Two officers enter the shelter and ask what is going on. One of them is the runner Lt. Suessmann, and the other battalion adjutant Lt. Kranz. I report on the incident. The adjutant is looking at me incredulously saying that it was impossible to be positioned as far ahead as that, as the English were occupying the water works. Angrily I answer back for him to go and see for himself. He has no choice but to ask Suessmann to go with him to have a look. “The English are firing at the tower”, I say, when they leave. “Therefore they possibly cannot be inside” and I mention my intention I had during the morning to have a look inside. We agree to take short leaps up the embankment for about 1000m along the edge and in the direction of the water works ruin. I also mention that my patrol is situated to the right about 30m away lying inside grenade holes.

But the two smart officers didn’t seem to take much notice of the word ‘right’. Quickly and light footed they jumped forwards hardly enabling me to follow. Soon there was quite a gap between us. “Towards the right” I shouted. But they did not hear me. The firing had stopped and no exploding grenades were shocking the ‘brave’ men. I am slightly miffed that they can get away with it so easily. Soon they reached the water works. None of our men is to be seen. If the two carry on jumping they might be going to miss the ruin completely.

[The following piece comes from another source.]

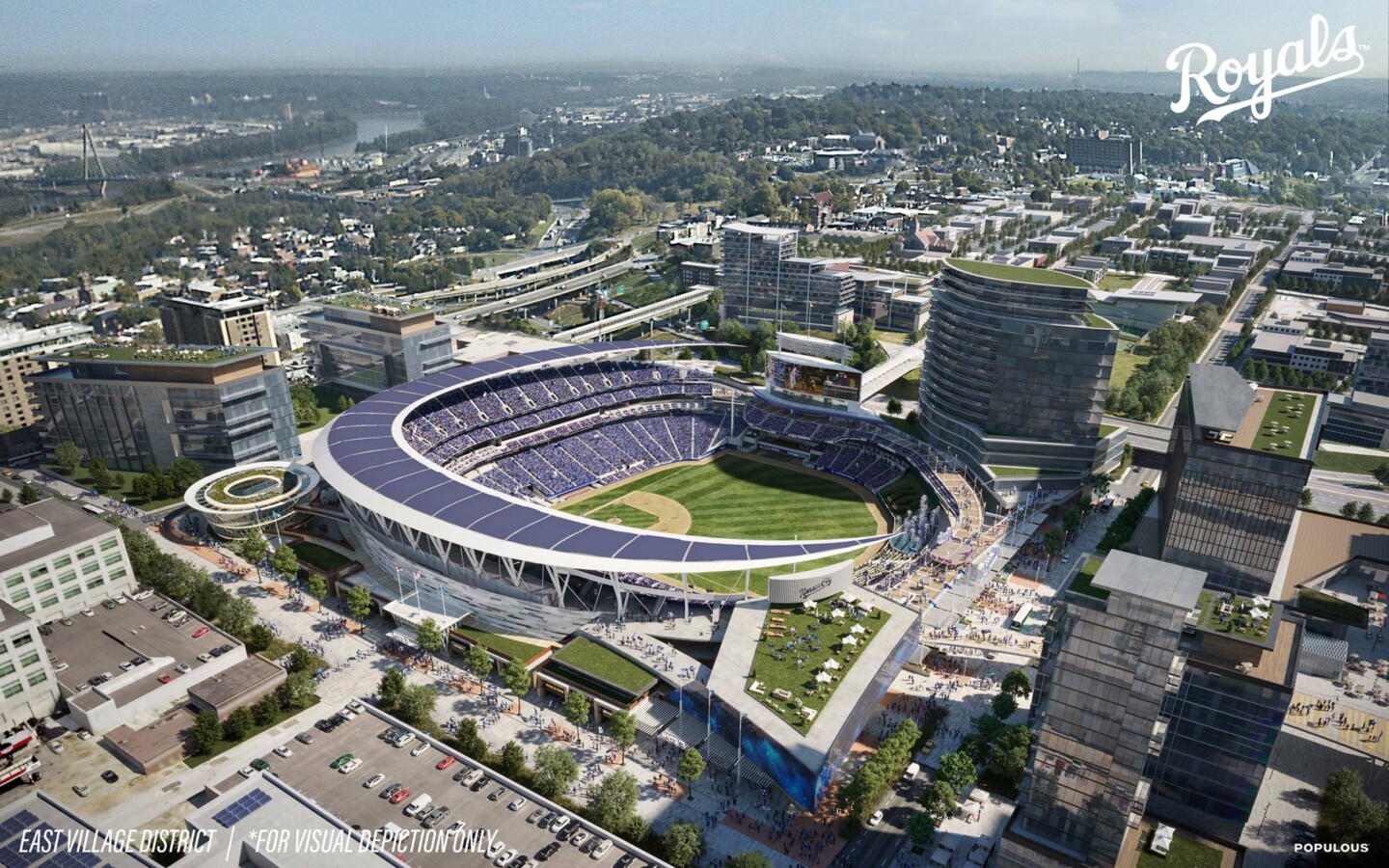 Kansas City Royals unveil renderings of possible sites for a stadium by ...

Then something is happening nobody had expected and is unforgettable to me: At the edge of the wall at the water works four to five figures – English – suddenly appear upright. They are completely surprised and might even think that we could be deserters as I constantly keep shouting whilst following behind the two officers. They are standing completely unprotected in an upright position and stare towards us. Lt. Suessmann is turning round, looking completely pale faced and shouts: “Good God, the English are here!” and later: “What are we going to do?” Whilst plenty of safety measures run through my mind I keep a close eye on the enemy still not showing any intention of shooting at us. At the same time I watch the men of my patrol and discover one of them looking cautiously towards my direction. “Stay calm, get down and I will run back, load the machine gun and shoot the English if necessary!” This I shout towards the two officers and jump the next 20 steps across the trench. When I reach them I find to my greatest surprise most of the men asleep. They had not noticed anything. There was no time for big explanations and I carefully move the machine gun along the edge of the embankment and shout at the two storm troopers: “Ready, we can start!” From the other side comes: “Good bye Thuns!” I aim at the English. Interestingly they are watching the retreat of the two but don’t shoot. I then also dare to look and see them leave and start to laugh. Up-down-up-down, I see them exercise until they disappear. No recruit could do it more perfectly. Even my people were grinning.

Why didn’t we shoot the English? ……Because they were totally honourable and peacefully minded. They could have thrown stones. Well, cheers to a good neighbourhood I thought and soon fell into a deep sleep.

We worked with ARU students to develop out pieces based on the diary entries and then performed them for each other. It was helpful in understanding exactly what Paul Thuns was describing in his diary.